# Input data:
.....
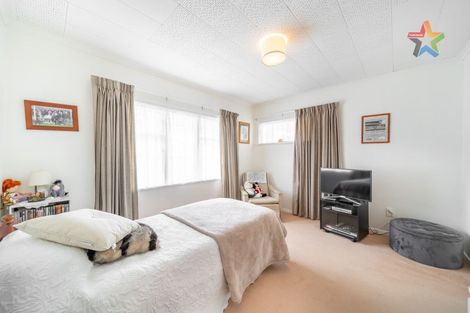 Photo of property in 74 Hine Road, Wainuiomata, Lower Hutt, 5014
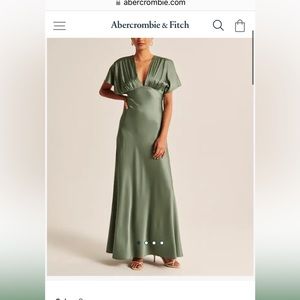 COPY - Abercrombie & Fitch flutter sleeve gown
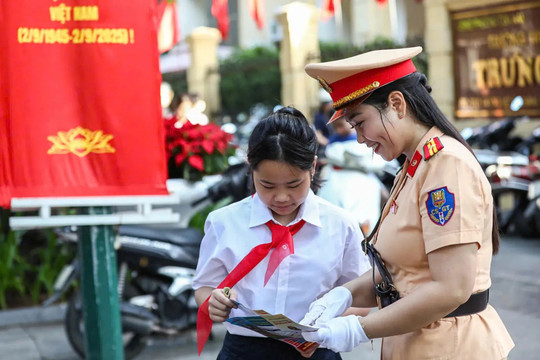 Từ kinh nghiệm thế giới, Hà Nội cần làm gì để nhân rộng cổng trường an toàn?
.....
# Work to be completed:
Repeat the material exactly. Skip the images.

# The answer:
 Photo of property in 74 Hine Road, Wainuiomata, Lower Hutt, 5014
 COPY - Abercrombie & Fitch flutter sleeve gown
 Từ kinh nghiệm thế giới, Hà Nội cần làm gì để nhân rộng cổng trường an toàn?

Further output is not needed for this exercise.